Et donc, tout naturellement, parce que dans ma tête mes discours sont toujours très clairs (oui dans la mienne, mais si vous en êtes arrivés là, c’est que ça doit pouvoir aller), j’en reviens à Call Of Duty Black Ops! Bien dommage que LE JEU soit interdit aux moins de 18 ans, parce qu’avec une chronologie bien sentie, un petit questionnaire et une petite discussion, et bien il aurait été un bon jeu sérieux.

Contrairement à Medal OF Honor, Tier 1, qui se contente, de te dire que si t’es afghan t’es qu’un gros méchant, Call Of Duty Black Ops, voudrait dire bien plus mais une fois plus comme le monde est réparti en cases bien définies, il restera un jeu de tir.

Alors arrêtez un peu de saoûler le monde avec de grandes digressions sur le jeu. Je ne dirai pas qu’il faut absolument être un gamer pour s’aventurer sur le sujet, je dirai juste qu’il faudrait un minimum savoir de quoi on parle. Un jeu sans Gameplay, ou avec un gameplay qui favorise tout sauf l’immersion, ce n’est plus un jeu depuis le temps de l’Amstrad. Alors si vous voulez aider Cindy, et bien faites des jeux qui soient d’abord des jeux, on verra après pour le côté serious! déjà en commençant par ce qui intéresse Cindy on aura fait un premier pas.
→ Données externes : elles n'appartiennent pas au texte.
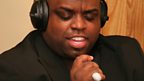 Cee Lo in the Live Lounge - 13 Nov '10 - 4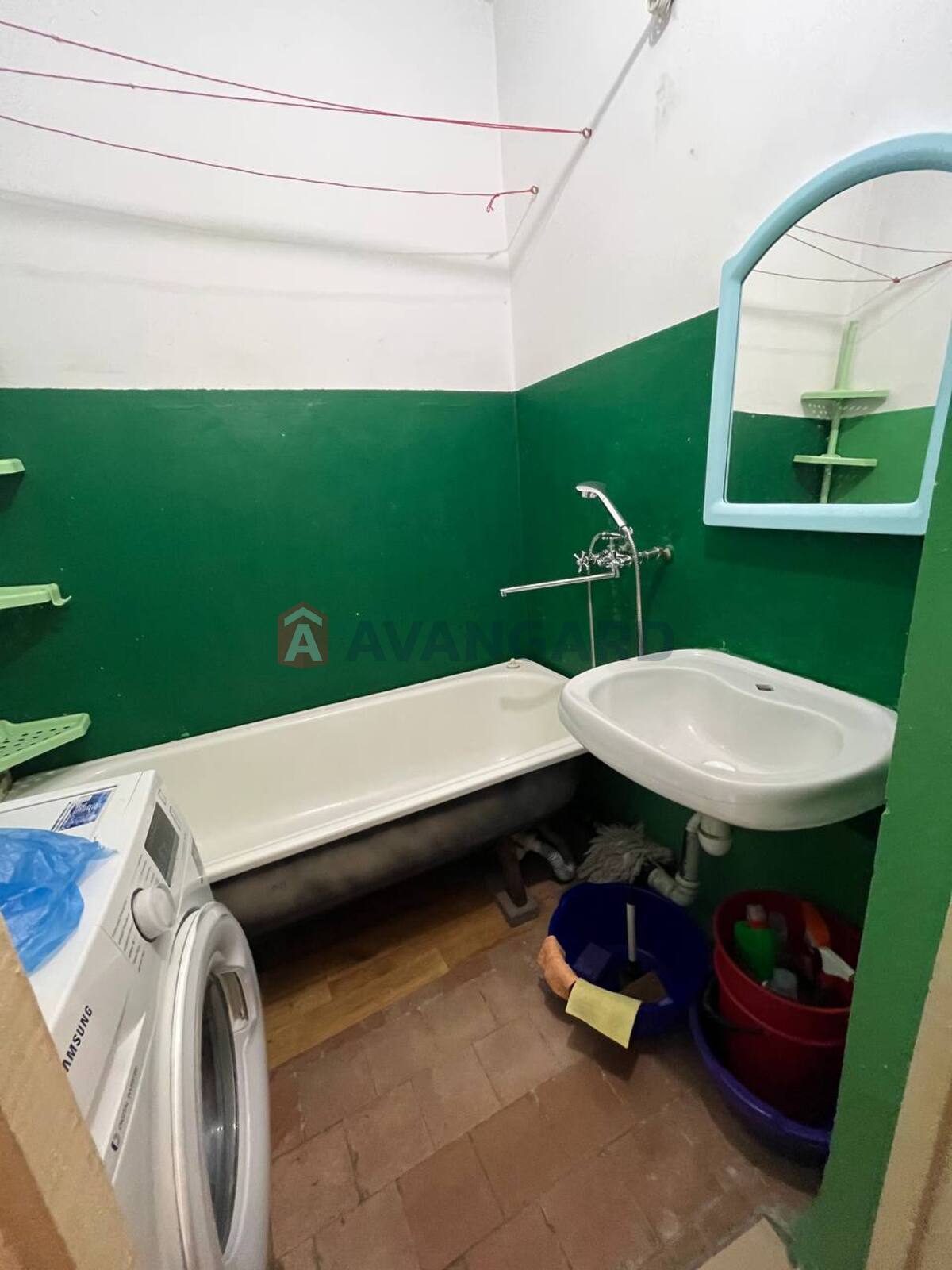 1 комн. квартира, 45/35/9 кв. м., 4/13 этаж фото 6 1 комн. квартира, 45/35/9 кв. м., 4/13 этаж фото 6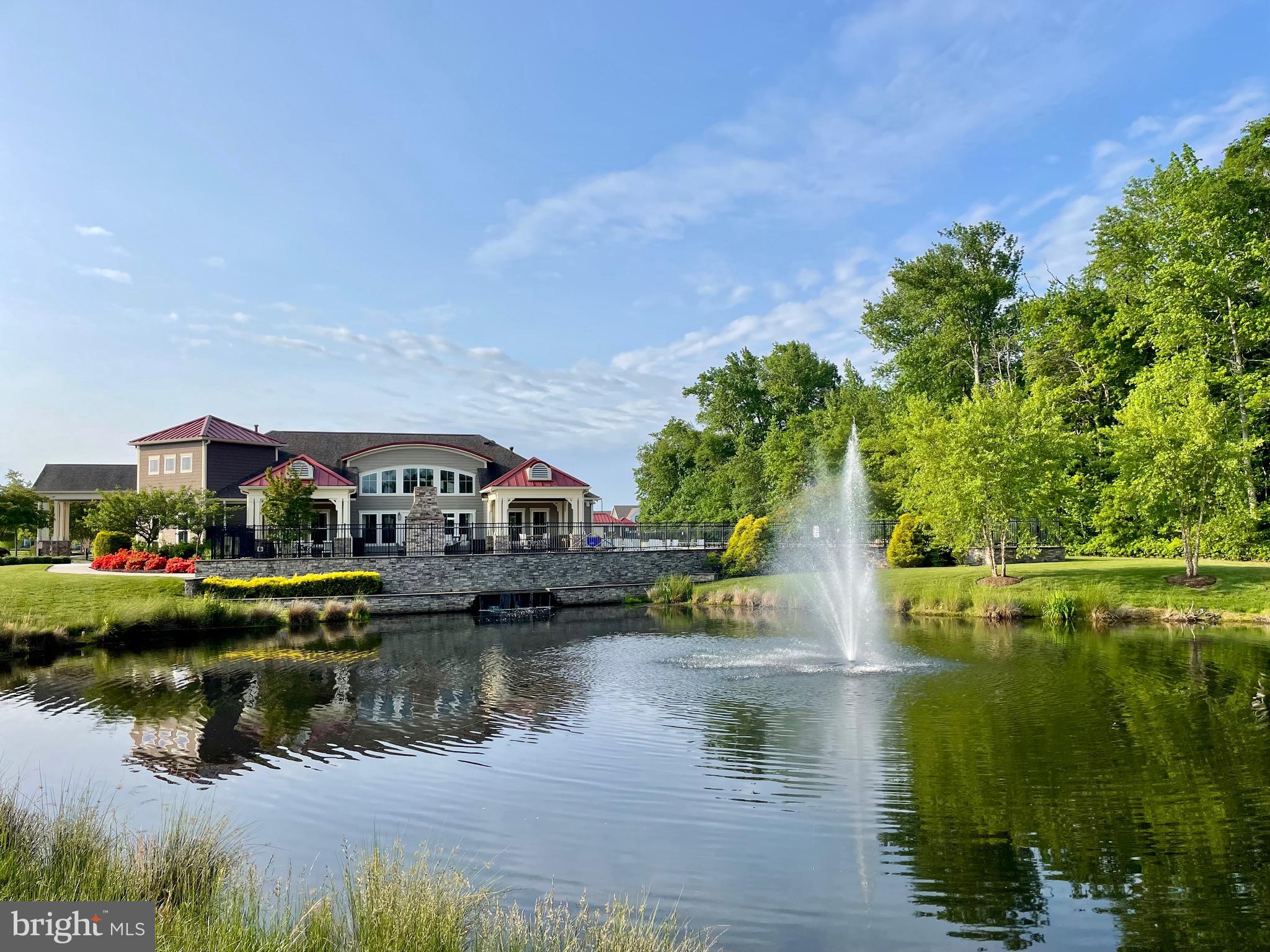 31502 Rockwood Road Ocean View, DE 19967 - Photo 59 of 83 Main Club House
7 réflexions sur « Meurs pourriture communiste (ou comment les jeux sérieux sont chiants tellement on tue personne dedans…) »

  1. J’adore ton billet!
    En 2004, j’ai fait une séquence sur la seconde guerre mondiale (sur la question de brutalisation notamment où je traitais du cas très complexe des soldats) avec… Medal Of Honor, en première ligne. Avec la séquence du débarquement. Mes STG avaient adoré et avaient bien compris la précarité du soldat (physique, émotionnelle etc). Mes collègues beaucoup moins!!
    Je n’ai pas rententé l’expérience depuis, faute au matériel en fait. Car à part ramener ma GameCube pour passer les cinématiques, je ne pouvais guère faire installer une petite démo de COD 🙂
    Au passage, à propos de guerre froide, je vous conseille les cinématiques du jeu Freedom fighters qui part du postulat suivant : les russes remportent la guerre froide. Excellent en tous points, surtout pour étudier la novlangue soviétique.
    Bref, tu as parfaitement raison. Pour faire réfléchir les élèves sur les risques, je n’ai pas trouvé mieux que Sim City, avec lequel j’avais conduit un IDD Géographie / Musique (et oui, ce jeu est une merveille musicale sur le thème, variation sur un même thème).

    Bravo pour ce billet. Bon, je vais essayer de choper mon quatrième badge à Pokémon sur DS 🙂

  2. Bonjour, je viens de lire ton article et franchement je trouve ça navrant de réduire le jeu aux fps. Perso je me considère également comme un gamer depuis moult temps, j’ai commencé sur dragon 32 😉 c’est pour dire. Ta vision du jeu est très réductrice, et il y a plein de jeux que j’adore, genre course de voiture, simulation sportive foot ou encore des jeux de réflexion ou d’infiltration sur des plateformes diverses et variées (de la xbox360 à l’iphone en passant par la psp). Le plus drôle c’est ‘je dirai juste qu’il faudrait un minimum savoir de quoi on parle’, je trouve ça navrant. Chacun trouve son plaisir ou il veut et pas seulement en ‘tuant des méchants’, tu n’as pas la vérité absolue sur ce sujet, désolé. De plus, tous les jeux servent à faire de la thune comme tu dis, et pas seulement les serious game…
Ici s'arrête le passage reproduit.